Segment Open

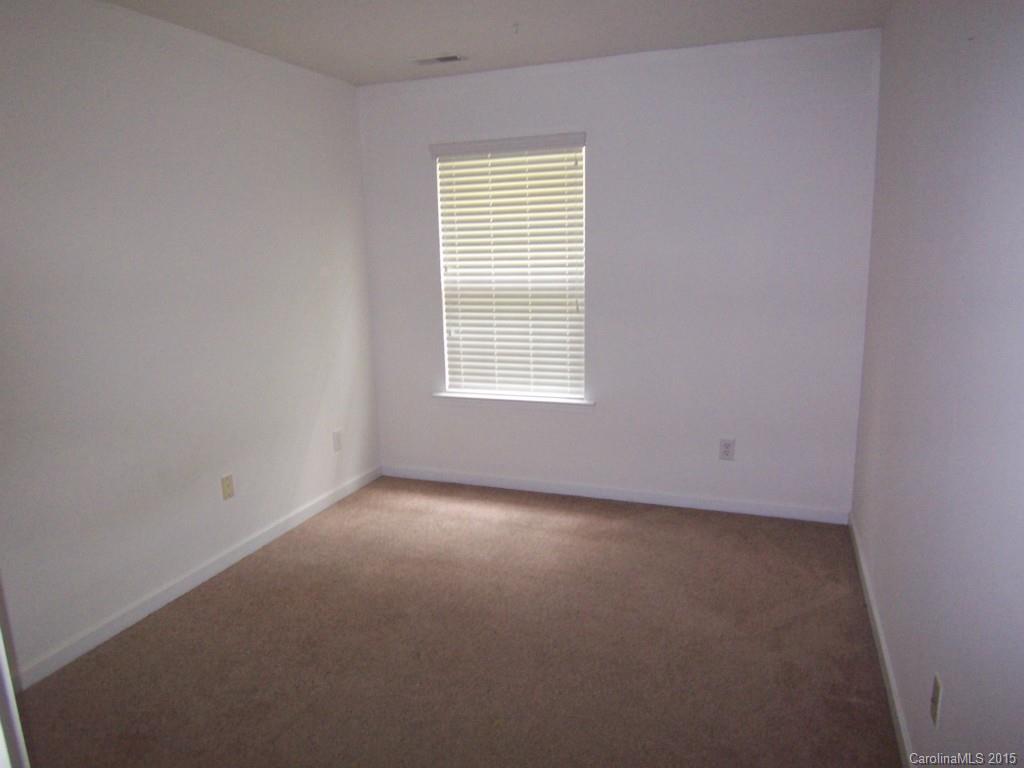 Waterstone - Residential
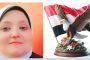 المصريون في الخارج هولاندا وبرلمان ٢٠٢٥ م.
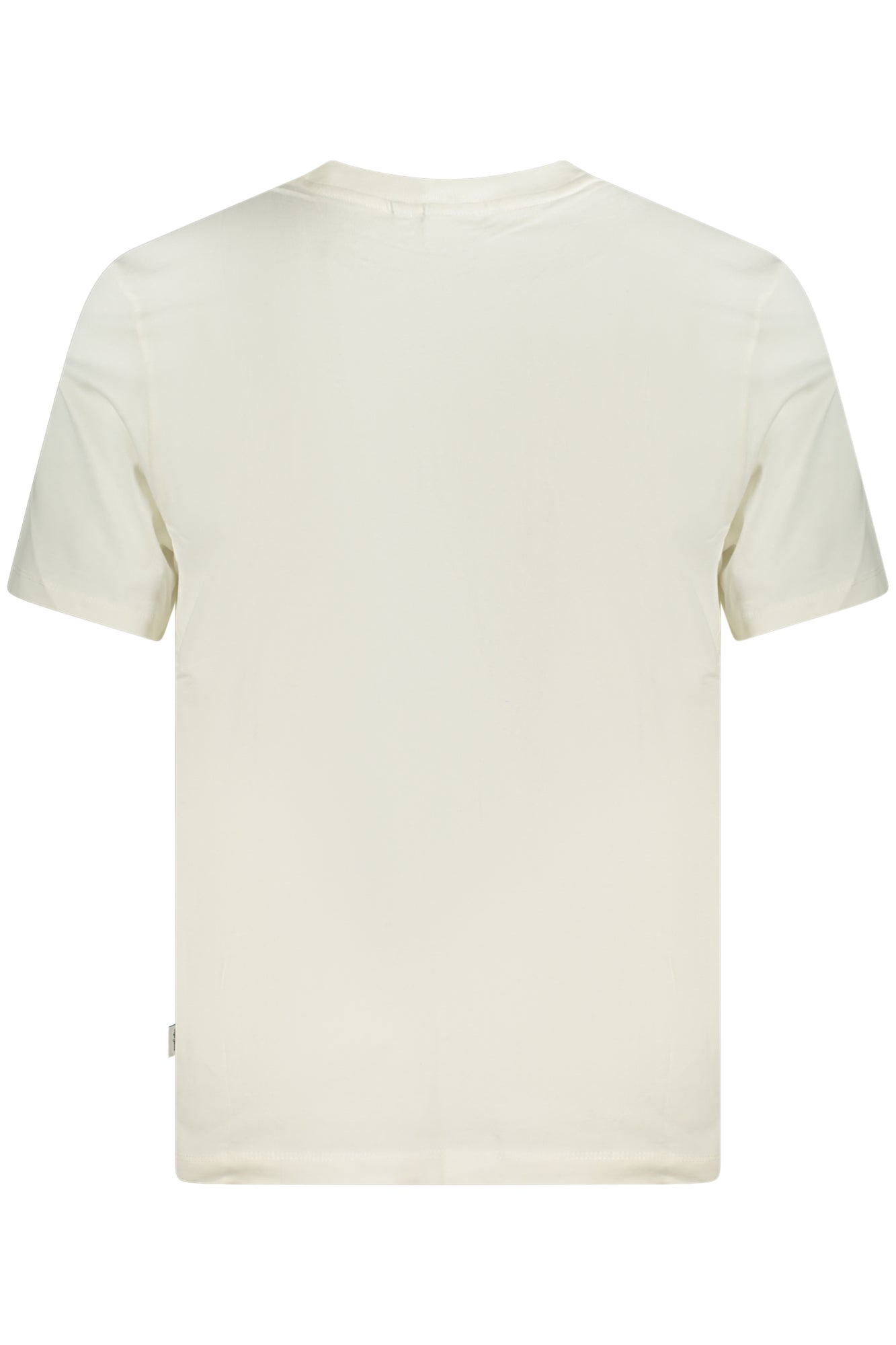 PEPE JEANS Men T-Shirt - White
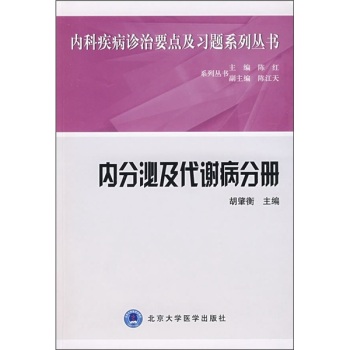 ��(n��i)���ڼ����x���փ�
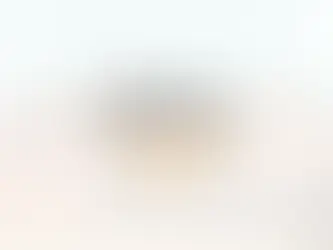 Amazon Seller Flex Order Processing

Segment Closed
Segment Open

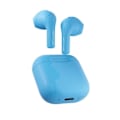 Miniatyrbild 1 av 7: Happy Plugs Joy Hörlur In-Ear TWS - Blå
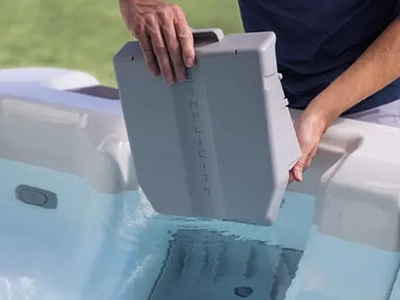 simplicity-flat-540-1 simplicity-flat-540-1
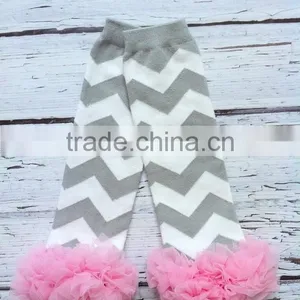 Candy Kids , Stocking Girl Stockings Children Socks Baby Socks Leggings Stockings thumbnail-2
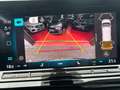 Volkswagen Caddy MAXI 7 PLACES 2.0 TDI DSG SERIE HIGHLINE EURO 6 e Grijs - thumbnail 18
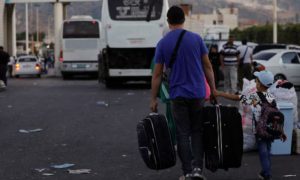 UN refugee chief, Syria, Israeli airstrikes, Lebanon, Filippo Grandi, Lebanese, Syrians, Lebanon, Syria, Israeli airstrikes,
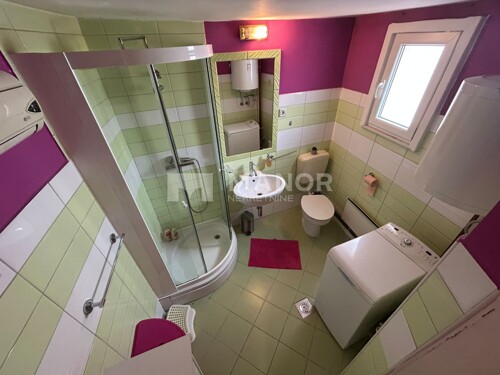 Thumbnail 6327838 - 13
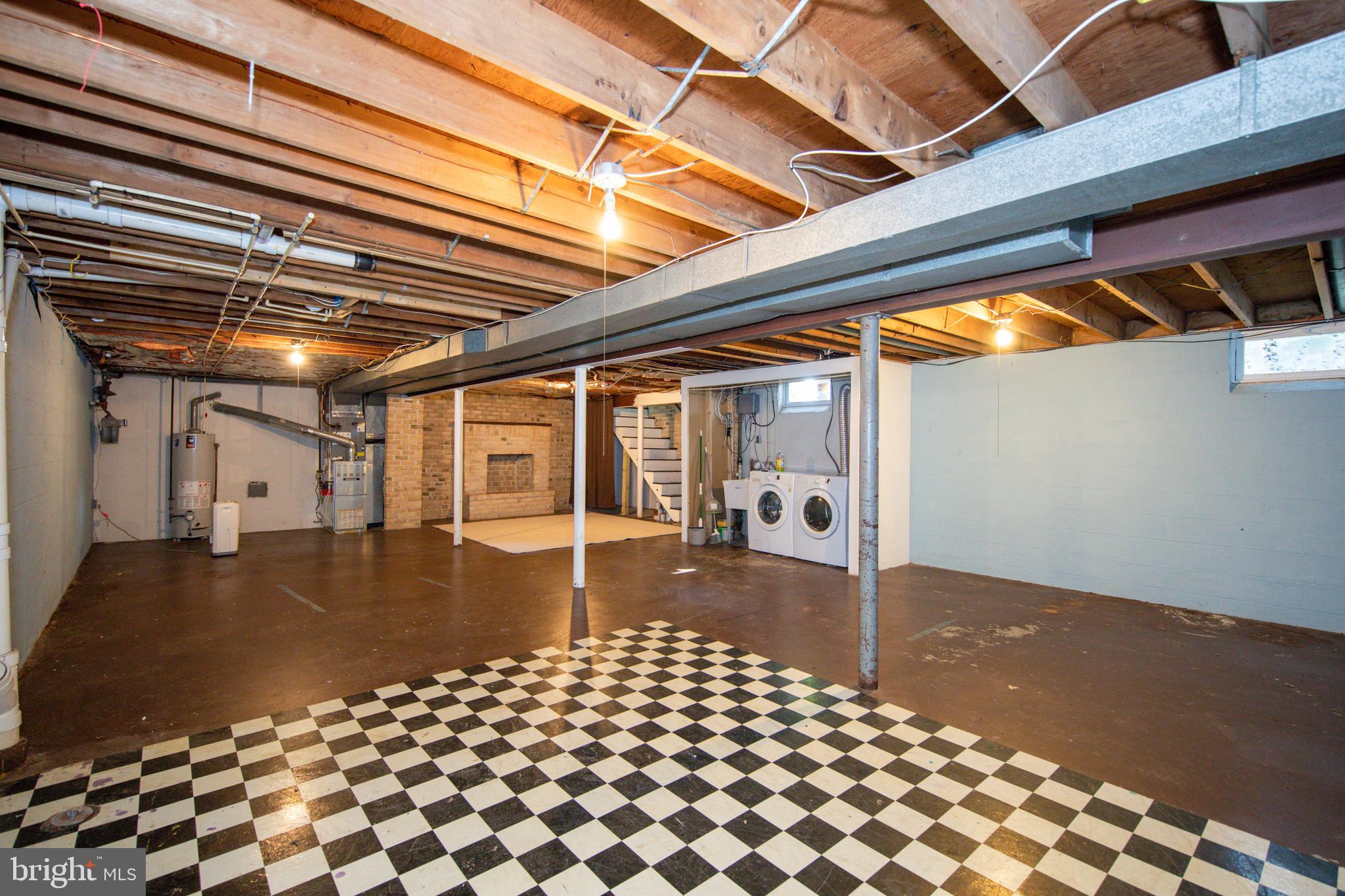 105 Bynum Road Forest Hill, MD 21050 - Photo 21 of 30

Segment Closed

● AIM OF THE TASK
Skipping every picture, transcribe exactly the lines above from the one containing "Waterstone - Residential" through the one containing "Amazon Seller Flex Order Processing", both included.

● RESPONSE TO THIS TASK
 Waterstone - Residential
 المصريون في الخارج هولاندا وبرلمان ٢٠٢٥ م.
 PEPE JEANS Men T-Shirt - White
 ��(n��i)���ڼ����x���փ�
 Amazon Seller Flex Order Processing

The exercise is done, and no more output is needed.